De-pressurize and remove the reservoir from the hose on remote reservoir shocks, but leave the reservoir attached to the piggyback shock unless you have the right tools to remove the reservoir and clamp it with out damaging the body. If you have some soft alloy clamps you can remove the reservoir end cap and clamp it in the soft alloy clamps in a vise. You have to be able to hold the cap firmly so it will not rotate when you unscrew the valve or damage it when clamped. If you don’t have clamps to hold the reservoir cap, leave it in the reservoir body. In most cases the tight fit of the o-ring will hold the cap and it will not rotate.
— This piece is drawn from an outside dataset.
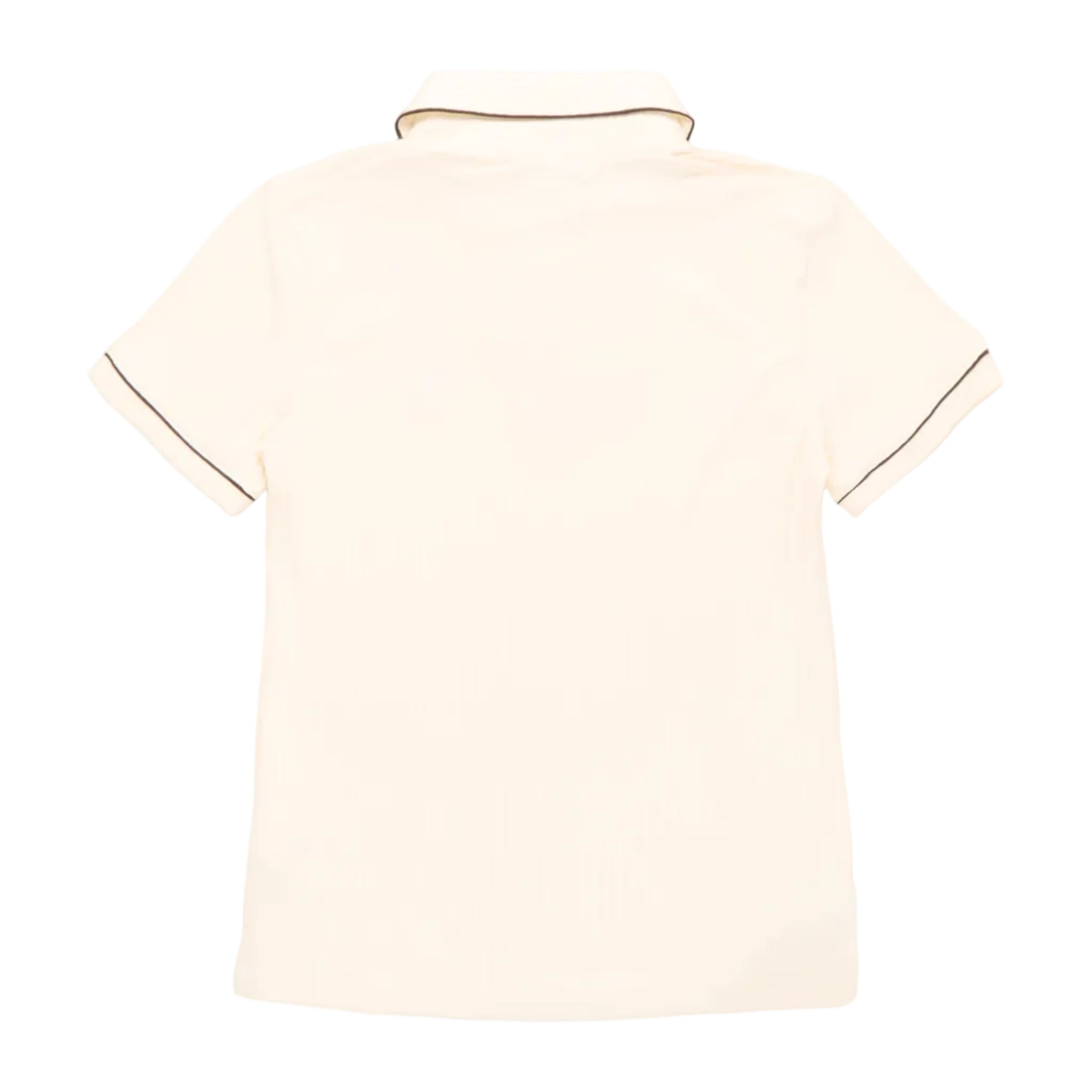 Back of an ivory polo on a white background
The valves are a very tight fit and will require a lot of heat to loosen using a propane or oxy/acetylene torch with a small flame. A heat gun may also be used if it puts out enough heat to get the cap hot enough that it will sizzle if you put a drop of water on it. Heat the cap around where the valve is and concentrate the heat in this area. Be very carefull heating the alloy as alloy does not go red when heated. Too much heat will instantly melt the alloy and you won’t have any pre warning that its going to melt. So don’t hold the flame in one place for too long. If you are not experienced with heating alloy, stop here and take it to someone who is to do the job.
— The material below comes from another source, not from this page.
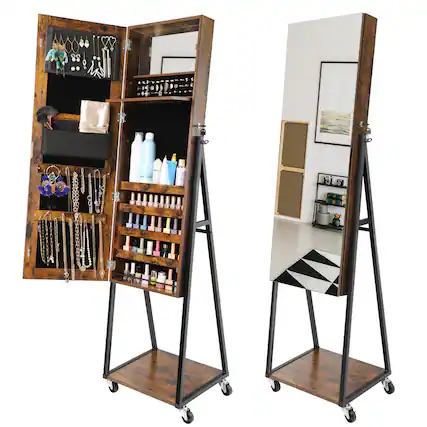 Front. Oumilen - Rolling Jewelry Armoire with Full-Length Mirror & Lockable Storage - Brown.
Once the cap is getting hot, fit a wrench on the valve and see if it will unscrew. If it is still not loose, some more heat will be required.
Once you have got the cap hot enough the valve will start to turn with a wrench.
Do not continue to unscrew valve all the way out as you can still tear the fine thread in the alloy.
Unscrew the valve very small amounts at a time. Do not rush and force it to unscrew.
You can also spray a light penetrating oil around the thread of the valve and it will work its way into the thread. Keep reapplying some more heat, but be aware the oil will burn a little so be carefull. Keep on unscrewing the valve, working it back and forth and slowly unscrewing it and reapplying more heat. Once you have got it unscrewed several turns it should feel loose enough to freely unscrew all the way out and no resistance should be felt.
If you have taken your time and used care, you will have unscrewed the valve with out damaging the thread in the alloy. Remove the cap from the reservoir if you have used the reservoir to hold the cap, and wash it in solvent and polish/clean up ready for re-assembly. Use thread tape or thread sealant on the new valve and screw it into the cap. Do not over tighten. After re-assembly check for leaks around the thread.
If you do damage the thread in the alloy cap when removing the valve, and it does not clean up satisfactorily with a thread tap, you can fit a 1/8 NPT helicoil thread repair insert or drill out and tap to suit a different valve with a larger thread.